What's interesting here is that I agree with his observations but not his conclusion. I see Jay Leno as conceited and easy-going; I see David Letterman as troubled and self-deprecating. Leno is the ring master, marshaling entertainment for the crowd; Letterman is still, psychologically, a weatherman on local TV:

To be totally honest, I don't think I could say how either man votes. The article was written in 2005, but both Leno and Letterman are every bit as inscrutable now as they were then. For people who talk so much, it's amazing how hard it is to tell what they think. The only thing I can say for sure is that both men want very much to be Johnny Carson, and now, late in their careers, they have to admit they aren't. Which makes one wonder who Johnny Carson wanted to be. Everybody wants to be somebody, to wear the cape or the crown.

In politics, it can be said that virtually everybody would like to be able to think like Abraham Lincoln, quite possibly our greatest president. But who did he look up to? George Washington? Then who did Washington look up to? It's turtles all the way down.
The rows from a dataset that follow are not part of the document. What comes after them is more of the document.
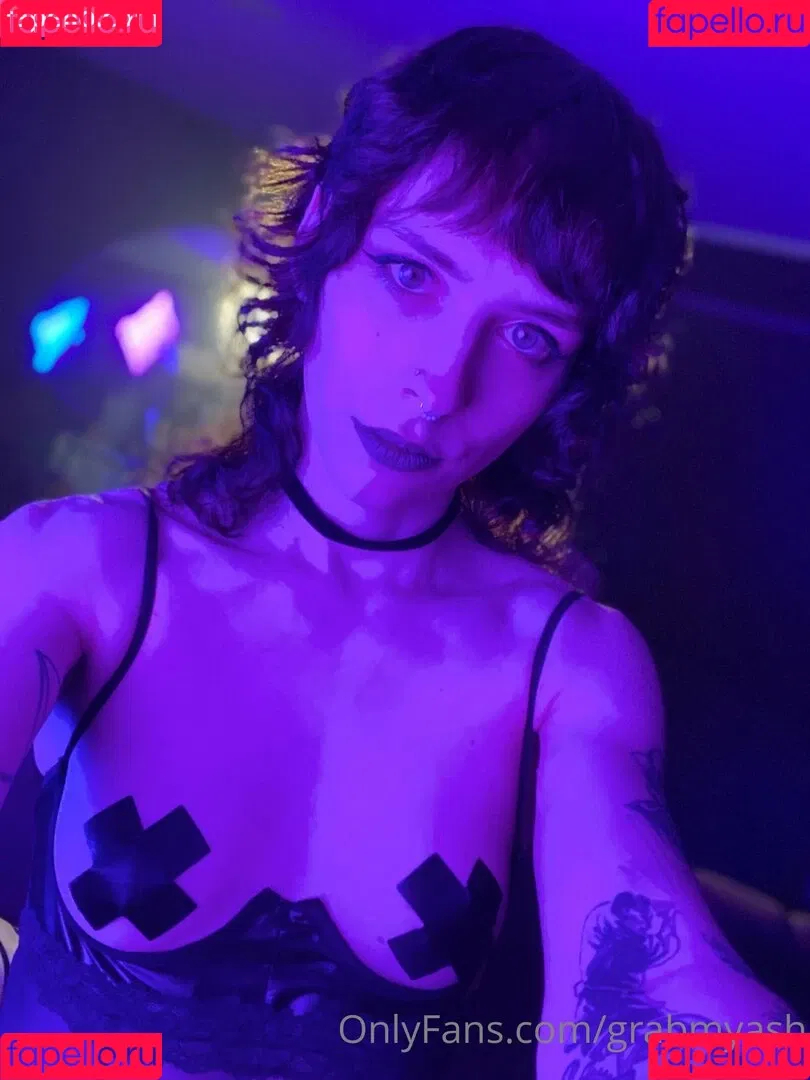 Grabmyash Onlyfans Photo Gallery 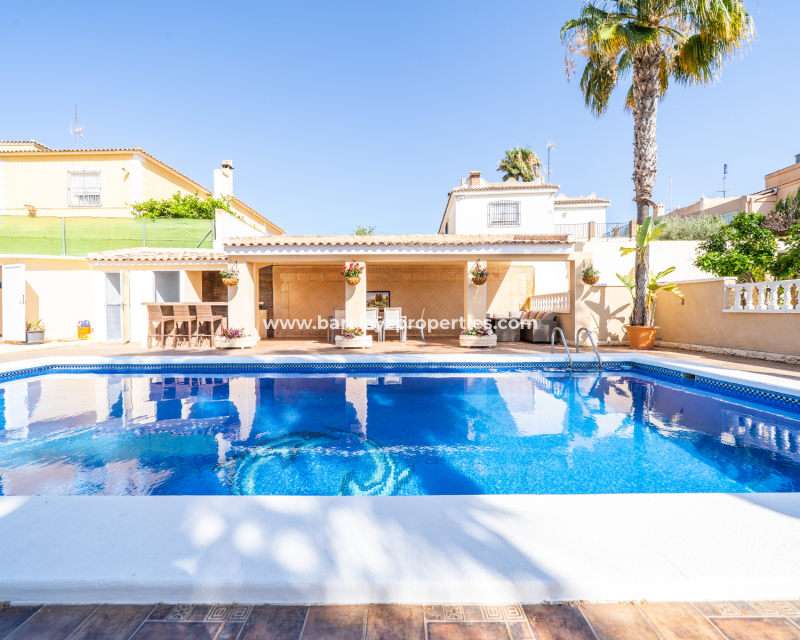 Resale - Freistendhe Villa - Urb. La Marina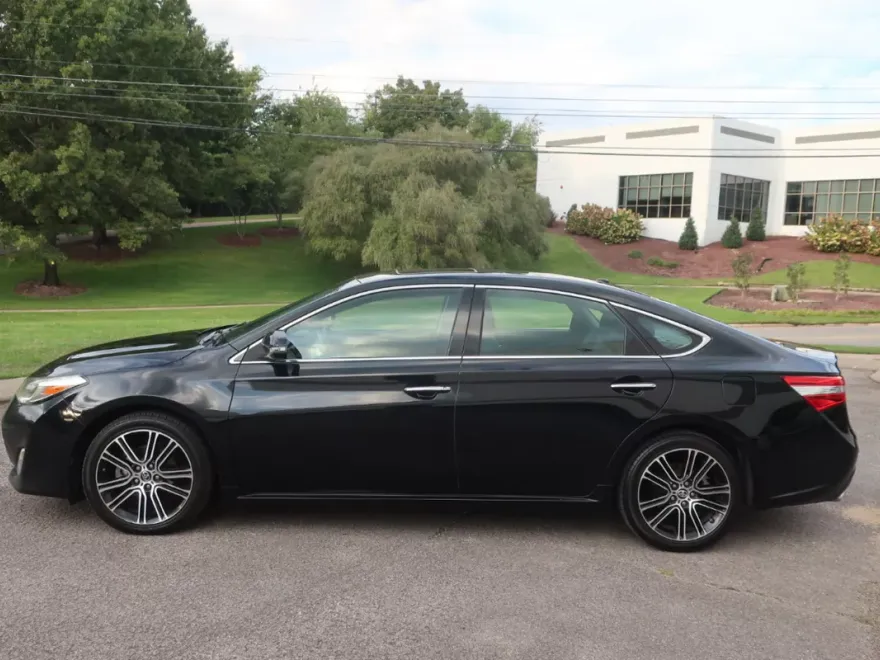 2015 Toyota Avalon XLE Touring photo 1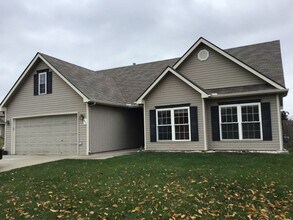 Building Photo - COMING SOON!! Northland 3 Bed 2 Bath 2 Car...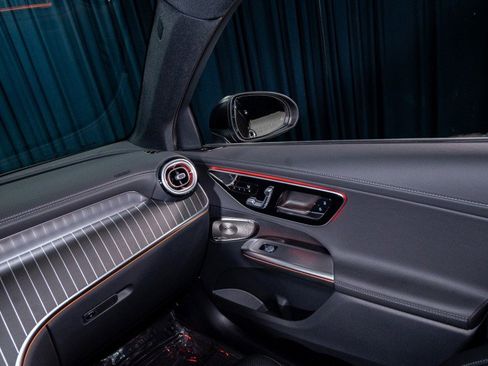 New 2026 Mercedes-Benz GLC 300 image 26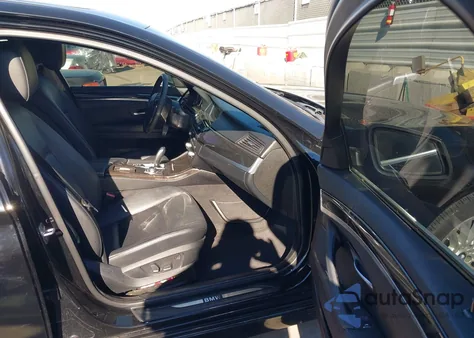 2013 BMW 528I z USA, uszkodzony, nr VIN WBAXG5C50DDY34151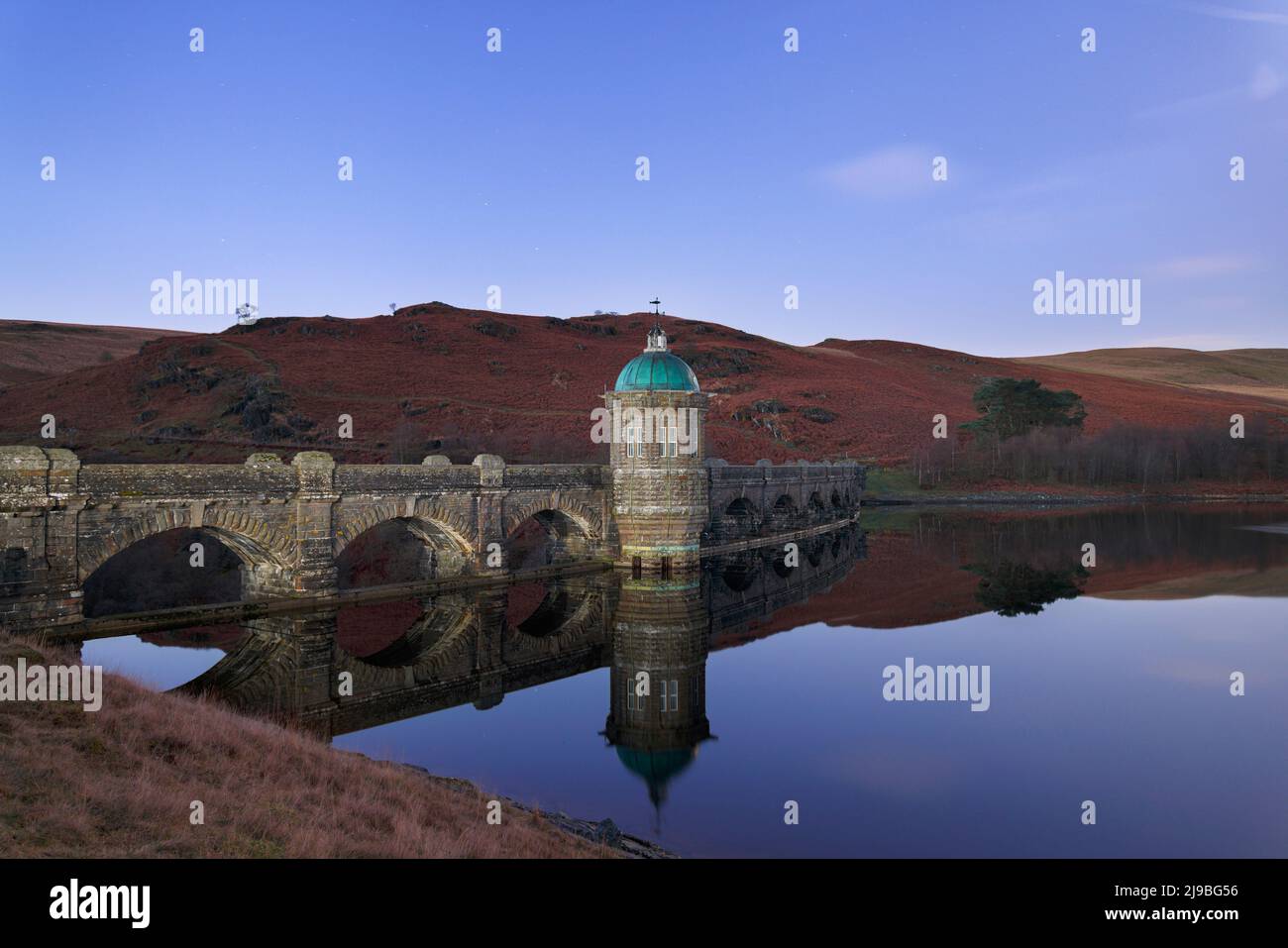 Craig Goch Dam im Elan Valley in Wales. Stockfoto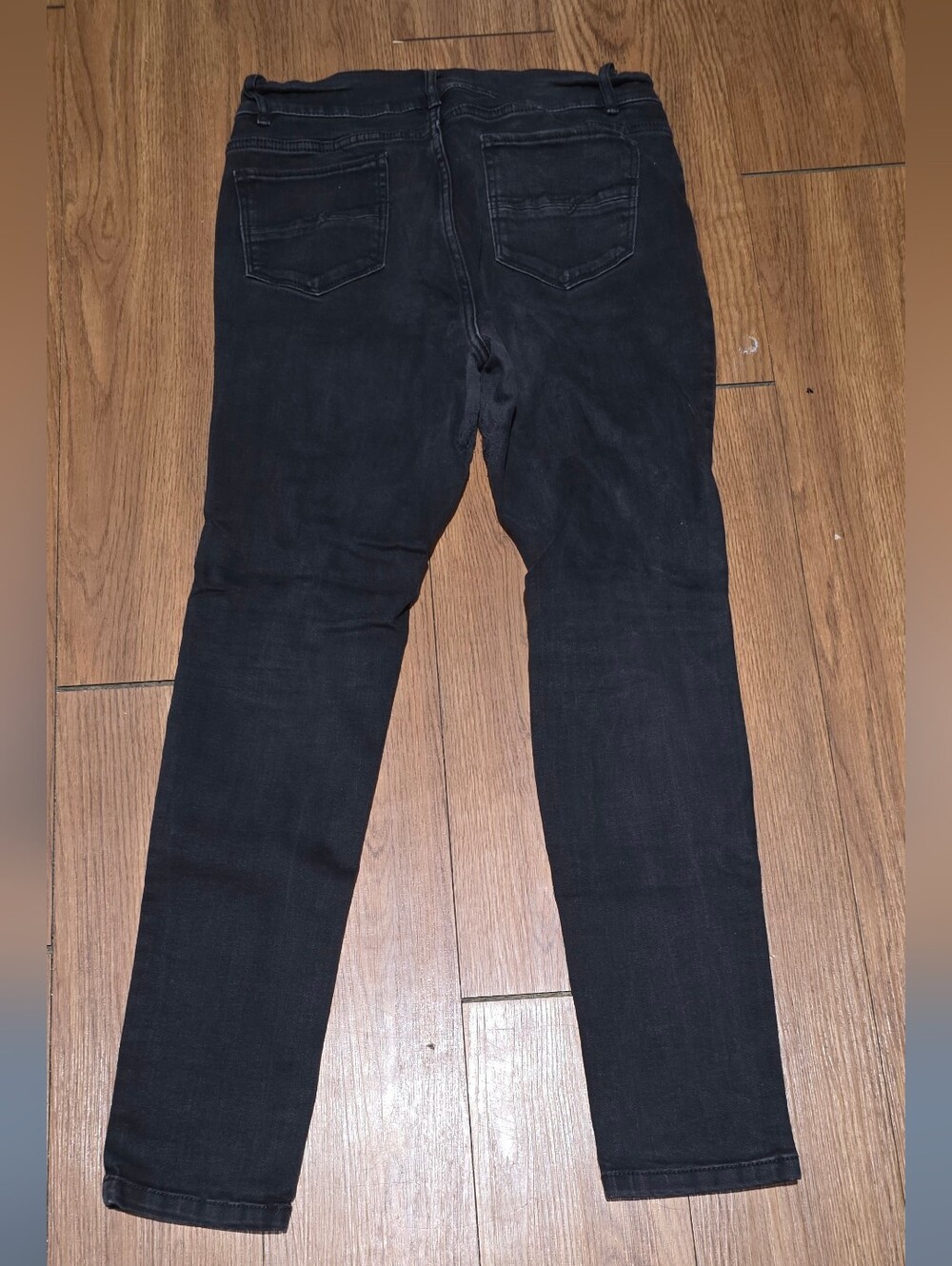 New York & Company Distressed Black Skinny Jeans - Picture 2 of 3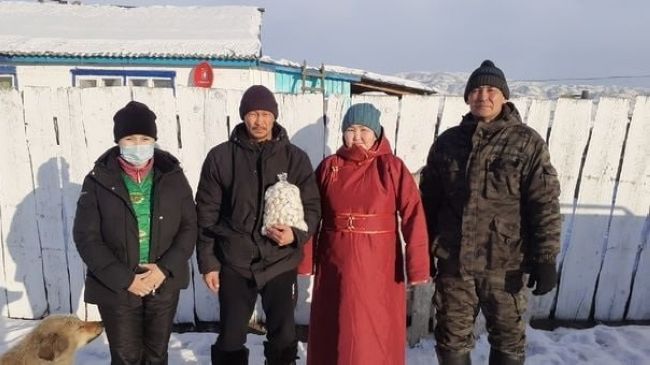 В Туве (рф) семья погибшего в Украине российского мобилизованного получила в подарок пельмени и плакат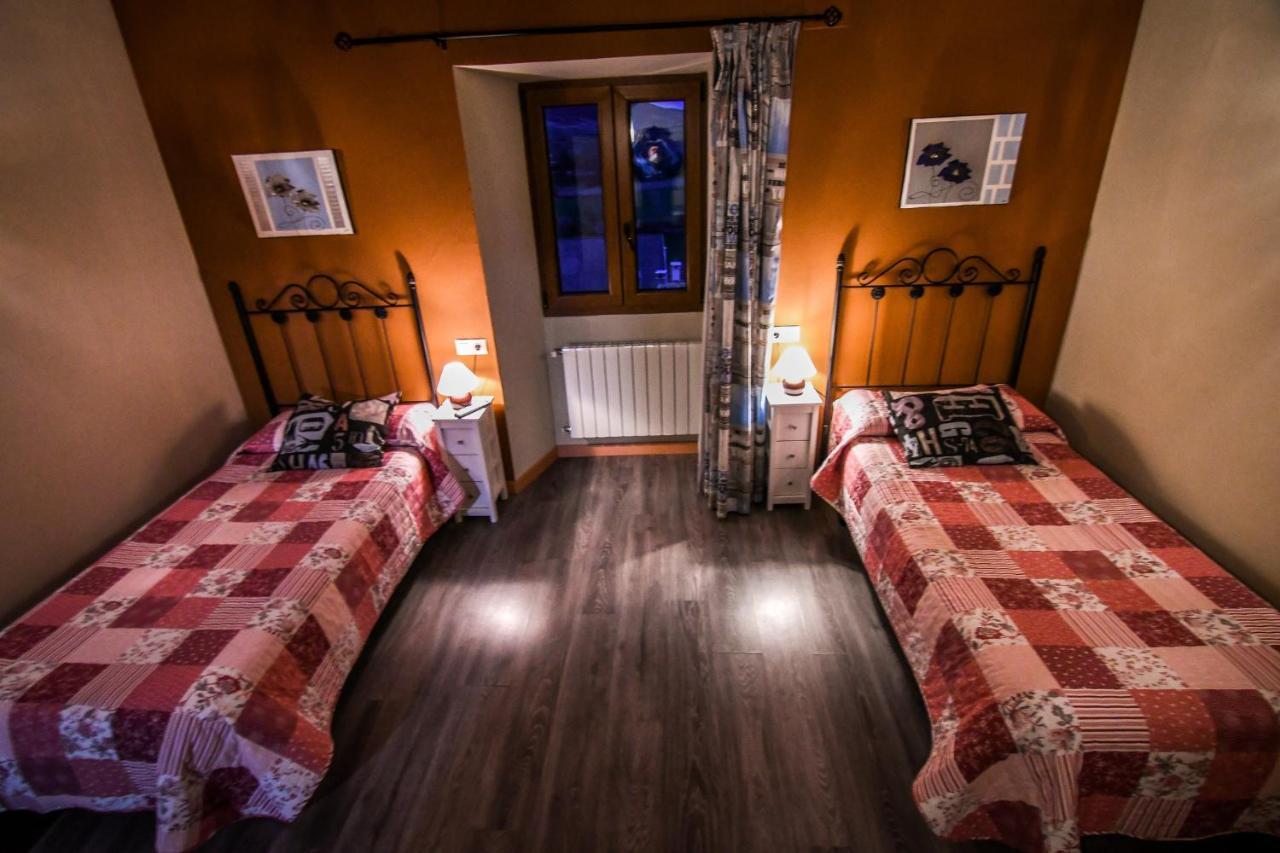 Acienleguas Hostel Castrojeriz Bagian luar foto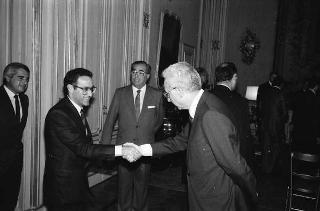 Il Presidente della Repubblica Francesco Cossiga riceve Guido Cremonese, presidente della Confederazione generale del traffico e dei trasporti, con una delegazione del sodalizio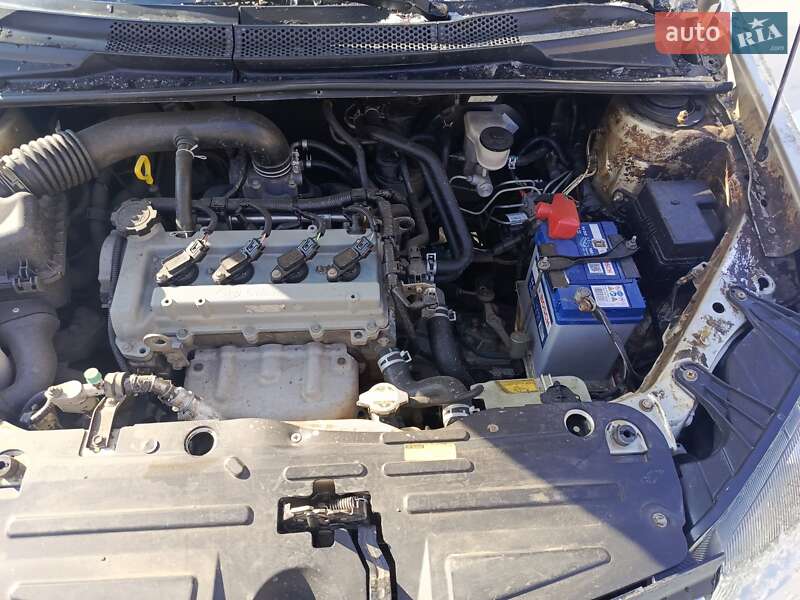 Седан FAW V5 2013 в 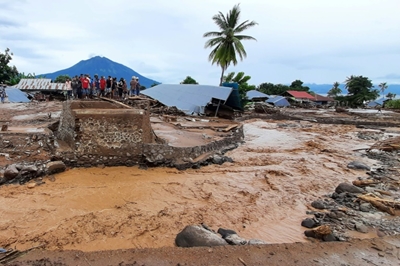 Indonesia readies hospital ships for cyclone survivors
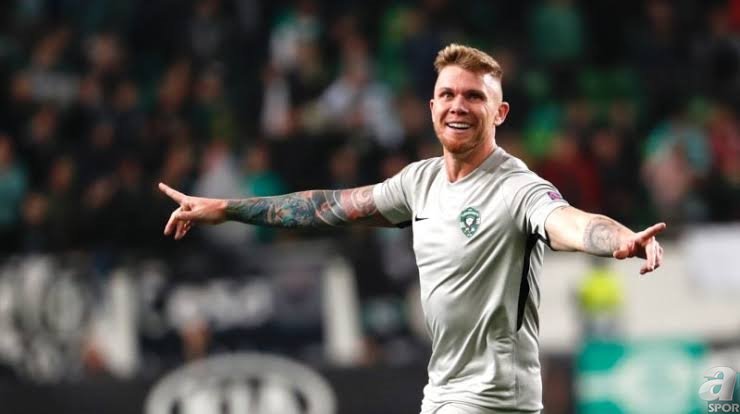 Oyuncu resmen transferini açıkladı! Fenerbahçe ile görüşüyoruz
I think we look to the past because the symbols are more powerful than the facts - not just because of fuzzy history, but because the circumstances now aren't what they were then.

Much of what both the "diagram" cartoons in Cagel's post say are correct, but the key is inflection and context. The liberal doesn't think "people should pay more taxes" so that the money can be dumped into a hole somewhere; he has a reason. Maybe he wants to know where the Republicans are going to get the money to repave the roads from.

Likewise, the Republican doesn't think that it's okay to expand government when you're a Republican just because you're a Republican; he just trusts Republicans to expand government when necessary, and for the right reasons - reasons he believes in.

The truth is that no ideology is going to be a cure-all, and both sides know it but they don't tell each other because they fear doing so would portray them as weak. As a result, the two sides are essentially wearing masks around each other - which reinforces their mistrust.

That leads us here. As Sean Munson attempts to show in a chart the lone commenter described as "pretty," bloggers tend to talk with people who think like them. In the age of the Internet, it's possible to narrow your focus market to a degree not possible before, for two reasons. One, it's cheaper to run a blog than anything else - Blogger, for instance, is free - and two, it's easier to search. At the very height of broadcast analog television, there were only 83 channels to go around, with each one confined to a market as large as the broadcast tower could reach.

This, in turn, led first to hegemony (due to cost, it was easier for local stations to ally themselves with either ABC, NBC or CBS than produce all of their own material) and then to neutrality, as each station tried to wring the maximum number of viewers from the people living inside the broadcast range of the transmitter. It was quite simply more cost-effective to try and appeal to both liberals and conservatives than to pick one side. And that, I think, is why Leno and Letterman are so opaque. They're zeitgeist jockeys, riding popular opinion from one day to the next. It's good business.

That's what troubles me about blogging. I can reach any computer with internet access anywhere in the world, for free, so I can say exactly what I think with no moderators at all.

That's not a power every human being should have. It may well not be a power I should have.